Other conditions on the posterior side will induce pain when the dancer is in the en pointe position (plantarflexed). The tissues can get impinged and cause trouble with any of the posterior structures. True synovitis and thickening of the posterior capsules of the ankle and/or subtalar joints are very common. From the constant and extreme deep stretching of the posterior tissues, an unusual thickening of the posterior capsular tissues may occur. The joint fluid becomes inflamed and the excessive tissues can protrude slightly. This causes the joints to not articulate properly, leading the dancer to report having a “jammed” and/or “full” feeling in the posterior ankle. She may also say that it feels like the ankle needs to be “popped” or adjusted.
Os trigonum impingement has similar symptoms.
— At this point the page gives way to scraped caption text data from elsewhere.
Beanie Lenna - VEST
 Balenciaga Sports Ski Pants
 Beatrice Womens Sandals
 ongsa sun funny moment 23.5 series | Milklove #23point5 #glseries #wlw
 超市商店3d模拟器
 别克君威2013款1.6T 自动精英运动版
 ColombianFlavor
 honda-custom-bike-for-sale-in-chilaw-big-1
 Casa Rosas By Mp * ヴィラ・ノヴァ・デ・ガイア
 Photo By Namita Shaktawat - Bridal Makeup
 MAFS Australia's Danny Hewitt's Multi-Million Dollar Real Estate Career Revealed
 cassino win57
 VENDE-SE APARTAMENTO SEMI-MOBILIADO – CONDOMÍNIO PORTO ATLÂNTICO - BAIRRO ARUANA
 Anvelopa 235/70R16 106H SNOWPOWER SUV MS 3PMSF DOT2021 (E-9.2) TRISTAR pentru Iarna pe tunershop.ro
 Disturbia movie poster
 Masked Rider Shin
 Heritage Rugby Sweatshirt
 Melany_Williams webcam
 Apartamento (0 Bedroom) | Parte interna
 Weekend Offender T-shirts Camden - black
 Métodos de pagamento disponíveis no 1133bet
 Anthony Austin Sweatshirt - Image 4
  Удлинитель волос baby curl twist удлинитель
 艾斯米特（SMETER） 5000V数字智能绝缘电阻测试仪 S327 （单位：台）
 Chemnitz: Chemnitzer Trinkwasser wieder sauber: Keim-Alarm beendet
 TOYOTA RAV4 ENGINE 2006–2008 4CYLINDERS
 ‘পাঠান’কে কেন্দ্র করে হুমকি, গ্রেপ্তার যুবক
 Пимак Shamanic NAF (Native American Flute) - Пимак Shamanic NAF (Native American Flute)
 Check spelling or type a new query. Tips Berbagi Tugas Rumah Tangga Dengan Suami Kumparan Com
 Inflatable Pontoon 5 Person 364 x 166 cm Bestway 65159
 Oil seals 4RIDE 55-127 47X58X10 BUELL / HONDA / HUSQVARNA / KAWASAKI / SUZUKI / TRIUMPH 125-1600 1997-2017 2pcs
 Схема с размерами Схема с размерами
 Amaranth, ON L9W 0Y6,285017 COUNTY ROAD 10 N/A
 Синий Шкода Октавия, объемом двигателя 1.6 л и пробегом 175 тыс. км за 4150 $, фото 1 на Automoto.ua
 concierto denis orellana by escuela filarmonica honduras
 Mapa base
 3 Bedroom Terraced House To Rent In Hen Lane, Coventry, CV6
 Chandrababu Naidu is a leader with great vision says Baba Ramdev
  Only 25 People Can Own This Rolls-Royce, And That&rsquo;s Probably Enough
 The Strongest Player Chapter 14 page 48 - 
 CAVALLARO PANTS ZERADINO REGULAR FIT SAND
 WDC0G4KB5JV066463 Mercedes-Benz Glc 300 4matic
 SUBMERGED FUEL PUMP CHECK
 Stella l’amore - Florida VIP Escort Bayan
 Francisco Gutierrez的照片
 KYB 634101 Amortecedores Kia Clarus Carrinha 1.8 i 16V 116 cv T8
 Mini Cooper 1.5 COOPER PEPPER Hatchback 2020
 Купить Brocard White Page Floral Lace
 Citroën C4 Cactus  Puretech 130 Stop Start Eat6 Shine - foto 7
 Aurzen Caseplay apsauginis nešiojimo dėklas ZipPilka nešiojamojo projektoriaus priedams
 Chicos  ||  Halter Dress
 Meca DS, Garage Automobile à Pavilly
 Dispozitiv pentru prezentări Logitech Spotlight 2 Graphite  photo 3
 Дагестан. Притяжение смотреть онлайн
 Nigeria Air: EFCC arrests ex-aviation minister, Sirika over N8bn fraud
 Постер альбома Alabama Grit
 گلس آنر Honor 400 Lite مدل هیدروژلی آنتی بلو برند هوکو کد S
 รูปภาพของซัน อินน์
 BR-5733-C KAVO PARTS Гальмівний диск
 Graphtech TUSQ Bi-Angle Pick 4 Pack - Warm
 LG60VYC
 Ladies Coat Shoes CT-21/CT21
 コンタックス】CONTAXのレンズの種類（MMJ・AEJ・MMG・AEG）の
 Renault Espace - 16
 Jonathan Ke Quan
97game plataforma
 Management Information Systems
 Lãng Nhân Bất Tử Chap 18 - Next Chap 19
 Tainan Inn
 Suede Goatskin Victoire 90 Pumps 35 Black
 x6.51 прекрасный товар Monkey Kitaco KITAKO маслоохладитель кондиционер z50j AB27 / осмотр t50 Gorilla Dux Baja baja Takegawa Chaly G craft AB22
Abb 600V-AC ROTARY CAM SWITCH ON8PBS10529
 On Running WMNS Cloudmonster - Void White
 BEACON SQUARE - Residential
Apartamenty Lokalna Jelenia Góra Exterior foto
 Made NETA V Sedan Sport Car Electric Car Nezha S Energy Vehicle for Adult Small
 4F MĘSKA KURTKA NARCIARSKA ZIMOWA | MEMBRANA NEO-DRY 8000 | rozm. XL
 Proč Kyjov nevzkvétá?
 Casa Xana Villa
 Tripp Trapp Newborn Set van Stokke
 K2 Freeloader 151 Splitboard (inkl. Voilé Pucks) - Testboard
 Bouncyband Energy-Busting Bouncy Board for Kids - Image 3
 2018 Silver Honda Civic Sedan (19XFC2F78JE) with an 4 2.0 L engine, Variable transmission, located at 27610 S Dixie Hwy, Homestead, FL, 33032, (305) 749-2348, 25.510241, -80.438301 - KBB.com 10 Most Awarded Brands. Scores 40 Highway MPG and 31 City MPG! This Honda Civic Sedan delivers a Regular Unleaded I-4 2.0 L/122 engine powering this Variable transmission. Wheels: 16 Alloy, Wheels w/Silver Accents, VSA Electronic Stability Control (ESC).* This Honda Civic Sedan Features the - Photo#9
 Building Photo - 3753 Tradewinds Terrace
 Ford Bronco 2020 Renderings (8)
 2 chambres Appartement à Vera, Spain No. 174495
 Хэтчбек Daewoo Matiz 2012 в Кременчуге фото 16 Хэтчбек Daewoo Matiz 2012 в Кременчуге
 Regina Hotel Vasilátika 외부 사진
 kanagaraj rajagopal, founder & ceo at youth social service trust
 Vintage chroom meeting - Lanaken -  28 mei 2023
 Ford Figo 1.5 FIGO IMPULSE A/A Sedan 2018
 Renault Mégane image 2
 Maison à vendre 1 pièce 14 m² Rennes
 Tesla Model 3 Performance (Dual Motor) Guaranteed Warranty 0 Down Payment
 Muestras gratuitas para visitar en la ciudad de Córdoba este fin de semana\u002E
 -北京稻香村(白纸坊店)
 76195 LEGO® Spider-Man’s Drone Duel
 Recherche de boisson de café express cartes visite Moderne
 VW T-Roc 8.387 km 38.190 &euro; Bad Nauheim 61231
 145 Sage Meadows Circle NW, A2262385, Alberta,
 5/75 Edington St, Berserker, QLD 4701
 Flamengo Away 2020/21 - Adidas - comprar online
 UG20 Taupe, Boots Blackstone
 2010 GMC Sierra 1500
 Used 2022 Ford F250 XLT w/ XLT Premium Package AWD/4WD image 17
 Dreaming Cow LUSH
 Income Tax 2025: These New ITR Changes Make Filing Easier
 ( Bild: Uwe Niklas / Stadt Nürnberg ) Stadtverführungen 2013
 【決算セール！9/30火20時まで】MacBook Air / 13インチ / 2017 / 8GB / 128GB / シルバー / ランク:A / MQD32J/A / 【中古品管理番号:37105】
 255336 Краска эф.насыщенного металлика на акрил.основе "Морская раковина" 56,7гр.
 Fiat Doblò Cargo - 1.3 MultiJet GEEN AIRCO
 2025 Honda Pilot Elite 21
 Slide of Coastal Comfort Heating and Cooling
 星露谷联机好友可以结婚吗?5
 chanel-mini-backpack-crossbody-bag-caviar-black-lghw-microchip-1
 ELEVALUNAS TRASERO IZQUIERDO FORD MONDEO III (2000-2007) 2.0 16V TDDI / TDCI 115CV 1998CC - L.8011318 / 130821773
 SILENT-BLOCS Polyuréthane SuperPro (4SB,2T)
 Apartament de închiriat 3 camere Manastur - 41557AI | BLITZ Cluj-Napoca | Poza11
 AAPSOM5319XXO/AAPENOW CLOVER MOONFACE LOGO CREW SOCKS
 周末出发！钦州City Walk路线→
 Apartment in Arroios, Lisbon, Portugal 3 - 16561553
If one decides that os trigonum impingement is the only issue occurring and conservative therapy fails, excision may be the best option but the clinician should time this appropriately in such a way as to minimize downtime for class schedules, rehearsals or performances.
Getting To The Bottom Of Anterior Ankle And Foot Dilemmas
Anterior ankle and foot issues may include anterior ankle joint impingement syndrome; anterior ankle bone spurs; tibial stress fracture; or anterior tendon and ligament pathology.
These injuries are painful when the dancer is in plié positions (dorsiflexed). The anterior ankle capsule can show signs of synovitis similar to the posterior conditions and this may occur concurrently. The dancer may develop a small lipping or spurring in the anterior ankle. This more typically occurs in a mature or retired dancer.
A less common injury is the tibial stress fracture, which may be ongoing and undertreated for too long. This injury can lead to the dreaded “black line” so an involved fracture and a lengthy treatment course may ensue.